[Work to complete] Go to the line holding "2004 Lincoln Town" in the entries below and write out exactly every line down to and including the line holding "I cum all over".

[The input]
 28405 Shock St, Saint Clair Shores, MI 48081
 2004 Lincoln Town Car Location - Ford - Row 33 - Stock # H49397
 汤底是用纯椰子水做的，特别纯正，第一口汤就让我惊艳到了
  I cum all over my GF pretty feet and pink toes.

...

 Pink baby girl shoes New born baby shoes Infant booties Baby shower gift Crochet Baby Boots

---

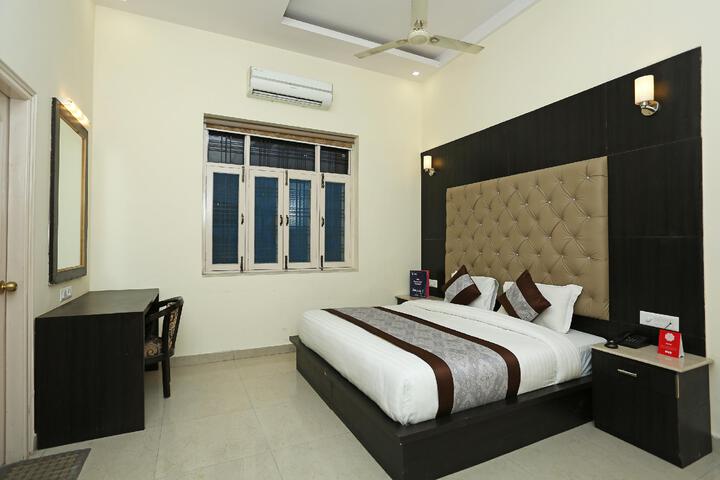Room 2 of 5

[Output]
 2004 Lincoln Town Car Location - Ford - Row 33 - Stock # H49397
 汤底是用纯椰子水做的，特别纯正，第一口汤就让我惊艳到了
  I cum all over my GF pretty feet and pink toes.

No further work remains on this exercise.